Vail area children bloom as published authors
Vail CO, Colorado
EDWARDS, Colorado ” Old enough to drive?
Old enough to vote?
Old enough to publish a book?
A class of Red Sandstone Elementary alumni can check “write a book” off their list of things to do before they turn 13.
The students will sign copies of their book, “Out of the Box and into Bloom,” Sunday at The Bookworm of Edwards.
“I think in a way I’ll feel famous, like a famous person, because you see all these people on TV and the news saying, ‘Oh look, this person’s having a book signing,'” 11-year-old Peter Smith said.
“Out of the Box” is a collection of student poems and stories that offers an intimate peek into the fifth-grade psyche.
Currently for sale at The Bookworm, the anthology combines the work of 24 students who were enrolled in Rhena Rizzo’s fifth-grade class at Red Sandstone Elementary in Vail during the 2007/’08 school year. The students have since moved on to sixth grade. Some of the writers are native Spanish speakers who overcame a language barrier to complete the project.
“Some of these kids did not know how to write a sentence in the beginning of the year, and at the end, they’re published authors,” said East Vail resident Cathleen Brooks Weiss, a parent who spearheaded the book project.
It all started with a monthly newspaper the students launched last September. Weiss, the editor of the paper, noticed how excited the students became when they saw their work in print.
“It seemed that the more they got that recognition, the more they wanted to write,” she said.
Seeing how passionate the kids were about writing gave Weiss an idea.
“I came in and said, ‘What would you think about writing a book?’ And they got very excited,” she recalled.
The book is full of upbeat topics like frogs and icicles, but children also bared their souls about sad times. Some wrote about divorce or the deaths of relatives, while one boy wrote about witnessing a robbery in a story titled “A Man with a Knife.”
Eleven-year-old Jimmy Castaneda wrote a poignant piece titled “The Knock on the Door” about a police visit to his family’s home in Denver.
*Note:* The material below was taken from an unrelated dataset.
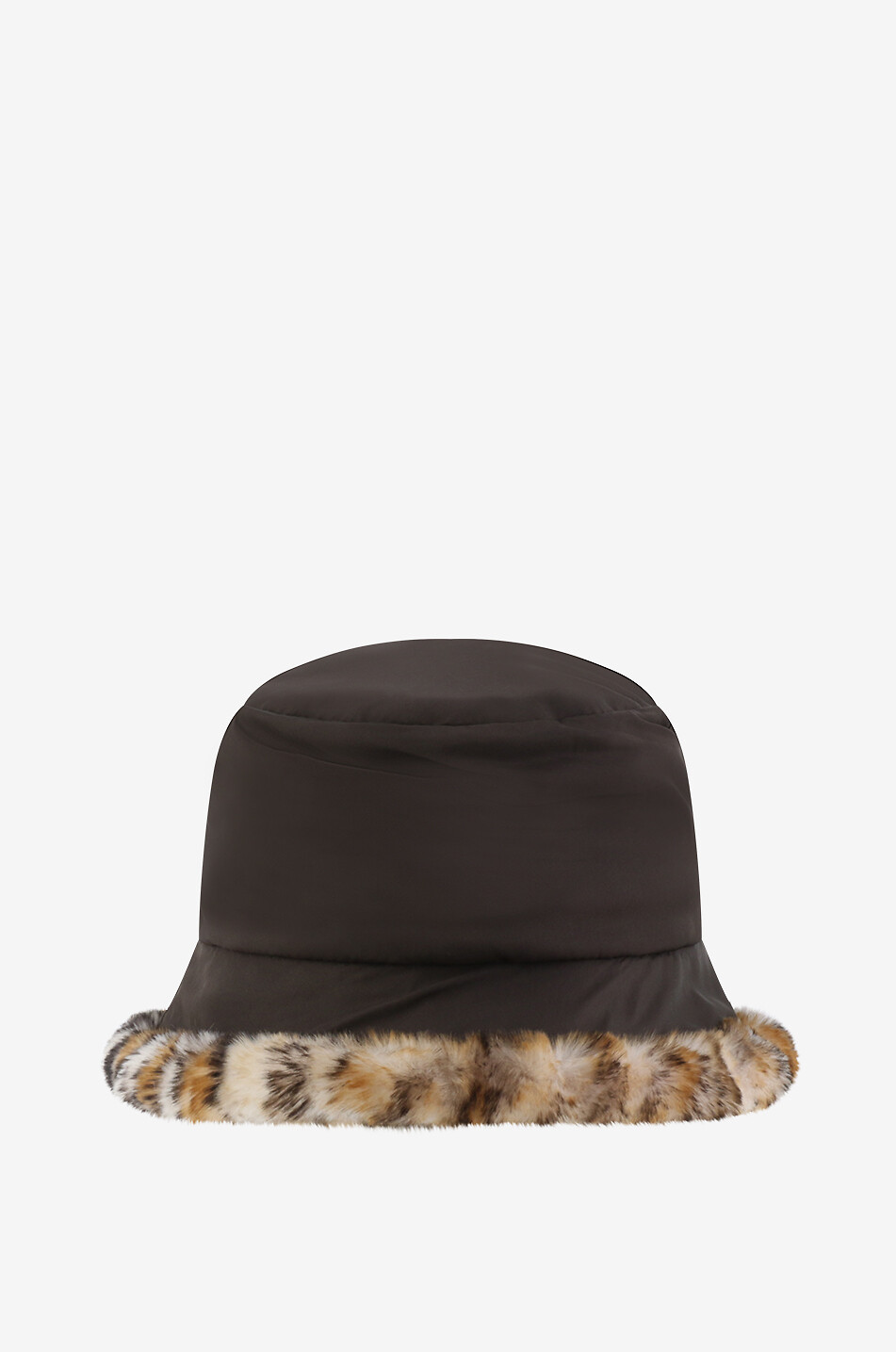 GREVI Reversible bi-material cloche hat Women BROWN 1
In the story, police bully Castaneda about his brother’s whereabouts: “Now tell the truth,” police threaten in the story, “Or your mom will go to jail, and they’ll take you away from your mom!”
Not only did the project help Castaneda overcome his fear of writing, he found a platform for his thoughts.
“I feel kinda happy because we can show other people what we think about life,” he said.
Weiss said writing about sad or scary experiences can be “incredibly cathartic” for children.
Kennedy Zwemke, 10, processed her grandmother’s death by writing about it in a story titled “A Great Loss.”
“It seemed like I remembered it much more when I actually had it written,” she said.
Stories in the book showed how creative children can be when their imaginations run wild. Eleven-year-old Rachel Weiss wrote about a puppy that opens a peace box. A writing prompt had asked the students: “How can you bring about peace in the world?”
“I thought, ‘Well, humans haven’t been so successful so far because there’s not world peace, so I thought, ‘What kind of thing doesn’t fight? What kind of thing doesn’t do what people do?’ And I thought, ‘Puppies,'” she said.
Weiss also wrote a story based on a drawing she doodled on a menu at Blue’s in Vail. Now an illustration in the book, the drawing shows a seal and her pup on a tropical island.
Students spent hours working on the book at home and at school, often giving up their lunches or recesses to write.
When they realized the book would actually be published, Weiss said the children responded with cries like “‘It’s really happening! We’re going to be famous!'”
“It’s the kids who never imagined they would be famous that this means the most to and that’s the self-esteem builder,” Weiss said.
Publishing the book cost $3,000. Funding came from Action for Children, a non-profit organization Weiss and her husband, Gary Weiss, launched. Proceeds from the book sales will flow to Action for Children, which has funded things like basketball camp for Battle Mountain High School students and Friends of the Dance.
Rizzo said the book is a hard-earned success that children will carry with them later in life.
“I’m hoping that when sixth grade gets really tough or seventh or eighth grade or high school, they say: You know what? I was really successful in fifth grade. I can be successful again,” she said.
Josue Sanchez, 12, said he’s excited about the book-signing.
“I think it’s going to be one of the best things that happened in my life,” he said.